Starting at the line that contains "WHERE ARE YOU" and stopping at the line that contains "Dog Hip and", transcribe every line of the material below exactly; pictures stay out.

** Opening Supplied information block **

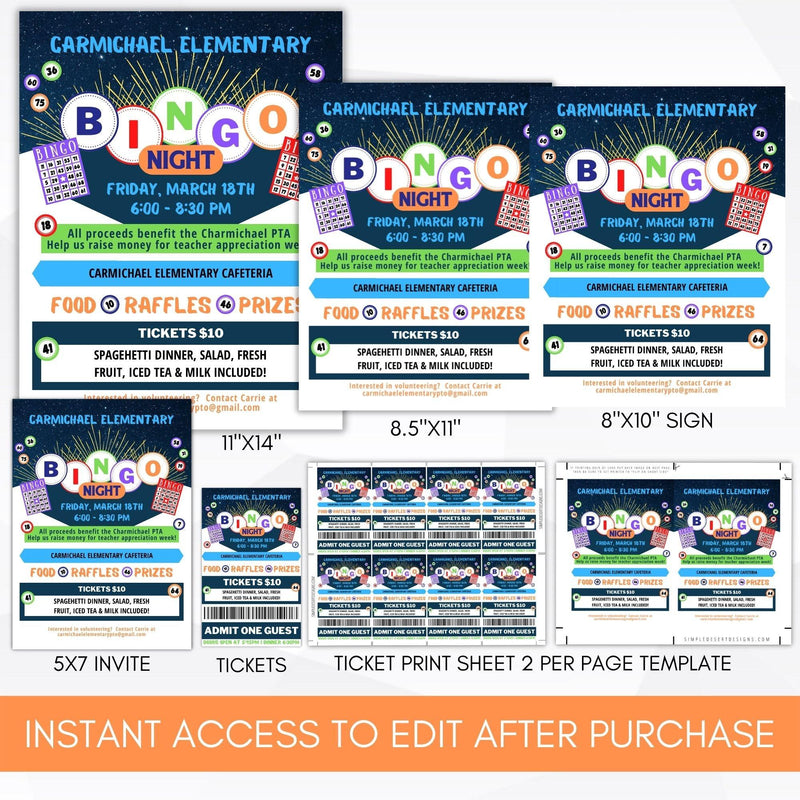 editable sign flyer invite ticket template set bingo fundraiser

** Closing Supplied information block **
** Opening Supplied information block **

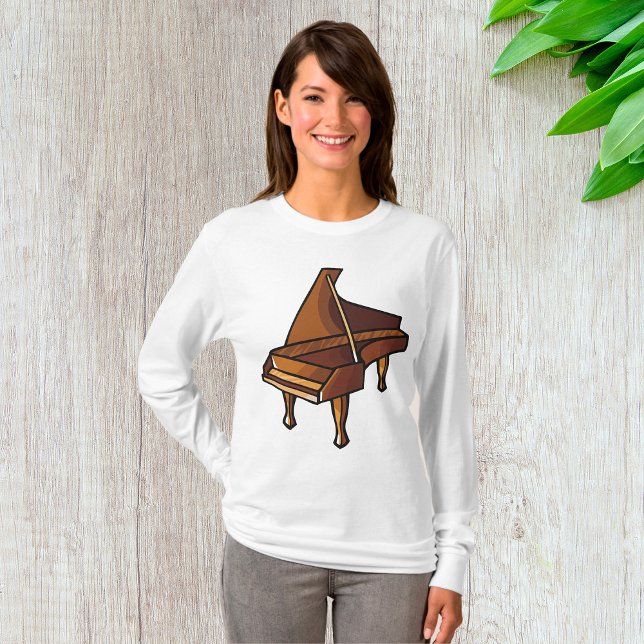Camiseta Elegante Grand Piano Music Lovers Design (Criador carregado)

** Closing Supplied information block **
** Opening Supplied information block **

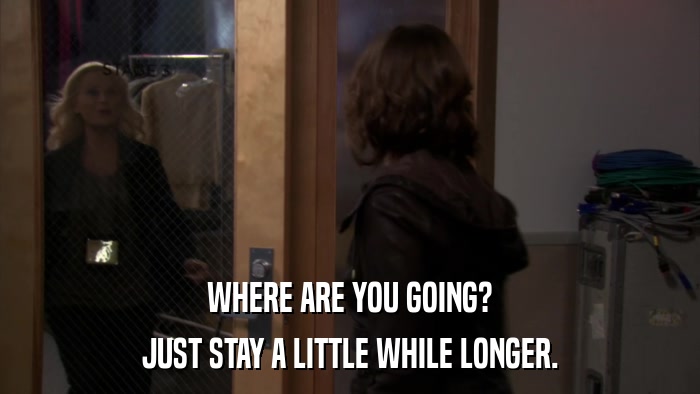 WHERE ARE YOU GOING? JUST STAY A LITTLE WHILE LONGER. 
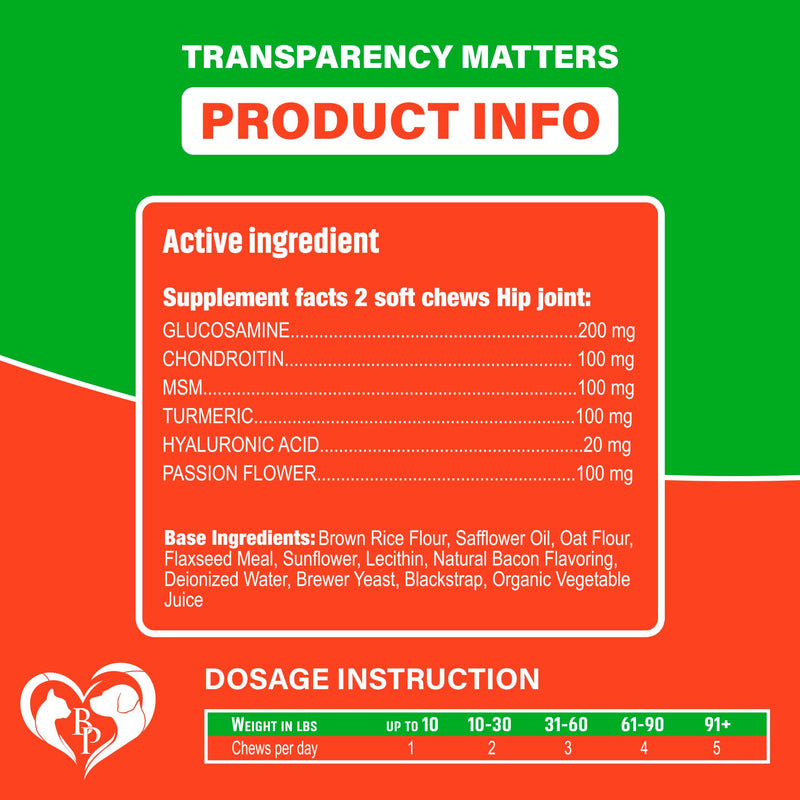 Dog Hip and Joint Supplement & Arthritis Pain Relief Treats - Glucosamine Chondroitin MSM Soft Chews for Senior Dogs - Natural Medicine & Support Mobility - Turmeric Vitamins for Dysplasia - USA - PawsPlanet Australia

** Closing Supplied information block **

• **Solution below**
 WHERE ARE YOU GOING? JUST STAY A LITTLE WHILE LONGER. 
 Dog Hip and Joint Supplement & Arthritis Pain Relief Treats - Glucosamine Chondroitin MSM Soft Chews for Senior Dogs - Natural Medicine & Support Mobility - Turmeric Vitamins for Dysplasia - USA - PawsPlanet Australia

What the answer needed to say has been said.